The idea spread to churches across the country. In 1924, the Baptist Sunday School Board created the Vacation Bible School department and published the first manuals for VBS for Southern Baptist churches. “A hundred years later, over 25,000 churches are reaching 2.5 million kids each summer through Lifeway’s VBS resources,” Mandrell said.
Noting the impact VBS has on Southern Baptists, Mandrell said the ministry accounts for 25% of baptisms in the SBC each year, including 60,000 professions of faith last year. Additionally, since first tracking giving to the missions offering in 1999, children and churches have given $105 million to missions through VBS. Mandrell said the ministry is a “time-tested, proven successful strategy that is still engaging, appealing, strategic and effective today.”

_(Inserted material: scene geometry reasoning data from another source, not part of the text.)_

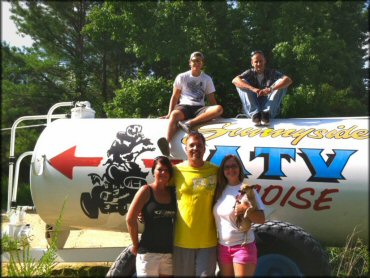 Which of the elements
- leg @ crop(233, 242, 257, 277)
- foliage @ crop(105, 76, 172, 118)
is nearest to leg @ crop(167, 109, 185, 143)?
leg @ crop(233, 242, 257, 277)

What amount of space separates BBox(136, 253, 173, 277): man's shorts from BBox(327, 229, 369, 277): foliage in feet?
6.44

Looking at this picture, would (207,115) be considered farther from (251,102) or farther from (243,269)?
(243,269)

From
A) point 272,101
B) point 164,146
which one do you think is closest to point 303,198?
point 272,101

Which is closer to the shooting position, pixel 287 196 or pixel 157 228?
pixel 157 228

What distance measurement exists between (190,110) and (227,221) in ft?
6.62

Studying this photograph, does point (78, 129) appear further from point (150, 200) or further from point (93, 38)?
point (93, 38)

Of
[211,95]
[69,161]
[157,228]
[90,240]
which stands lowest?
[90,240]

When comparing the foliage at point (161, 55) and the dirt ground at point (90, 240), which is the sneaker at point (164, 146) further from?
the dirt ground at point (90, 240)

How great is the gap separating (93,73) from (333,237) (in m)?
6.19

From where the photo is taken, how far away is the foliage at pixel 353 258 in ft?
15.1

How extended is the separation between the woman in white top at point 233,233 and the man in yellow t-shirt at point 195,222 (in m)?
0.08

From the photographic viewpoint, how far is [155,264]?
11.9ft

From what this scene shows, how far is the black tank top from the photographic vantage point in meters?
3.63

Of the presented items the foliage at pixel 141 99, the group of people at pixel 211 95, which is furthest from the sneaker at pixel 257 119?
the foliage at pixel 141 99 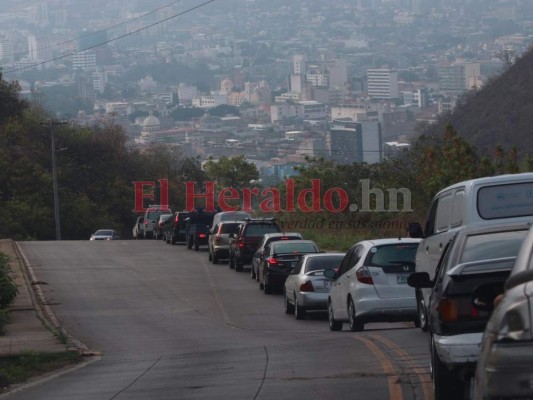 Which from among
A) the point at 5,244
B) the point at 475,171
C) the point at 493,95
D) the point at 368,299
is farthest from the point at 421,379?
the point at 493,95

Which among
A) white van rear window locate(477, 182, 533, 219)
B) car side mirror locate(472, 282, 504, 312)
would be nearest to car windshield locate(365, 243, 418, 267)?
white van rear window locate(477, 182, 533, 219)

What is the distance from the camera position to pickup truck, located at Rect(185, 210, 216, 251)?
4684cm

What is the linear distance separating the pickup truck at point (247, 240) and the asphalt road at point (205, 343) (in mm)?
485

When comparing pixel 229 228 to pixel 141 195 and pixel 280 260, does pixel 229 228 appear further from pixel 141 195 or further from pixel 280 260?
pixel 141 195

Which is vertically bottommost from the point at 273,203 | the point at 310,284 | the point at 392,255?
the point at 273,203

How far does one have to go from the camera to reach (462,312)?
9672mm

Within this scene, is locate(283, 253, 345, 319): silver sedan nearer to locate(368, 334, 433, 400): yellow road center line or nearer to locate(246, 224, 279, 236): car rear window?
locate(368, 334, 433, 400): yellow road center line

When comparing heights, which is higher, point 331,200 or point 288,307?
point 331,200

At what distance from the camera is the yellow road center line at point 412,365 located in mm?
12281

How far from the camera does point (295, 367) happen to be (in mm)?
15453

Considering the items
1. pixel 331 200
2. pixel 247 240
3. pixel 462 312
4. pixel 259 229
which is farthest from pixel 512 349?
pixel 331 200

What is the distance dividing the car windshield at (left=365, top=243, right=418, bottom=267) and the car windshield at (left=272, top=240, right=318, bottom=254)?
38.1ft

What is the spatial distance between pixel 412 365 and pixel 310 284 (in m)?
10.0

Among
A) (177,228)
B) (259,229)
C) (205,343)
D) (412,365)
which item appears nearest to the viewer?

Lifeway recently announced its 2025 VBS theme: “Magnified! Discovering the Bigness of God in the Smallest of Things.” Zooming in on the tiniest details of creation, “Magnified!” VBS will encourage kids to look closely at the details of God’s amazing world to proclaim, or magnify, the greatness of God.
Other business
During the question time, messengers asked Mandrell about how Lifeway is training the next generation, helping churches prepare young believers being called into the ministry and creating apologetics resources. He pointed to several existing resources the organization produces to help churches in these needs and offered to meet with messengers to discuss additional ideas for ways Lifeway can continue serving and equipping local church leaders.
(EDITOR”S NOTE — Aaron Earls is a writer for LifeWay Christian Resources.)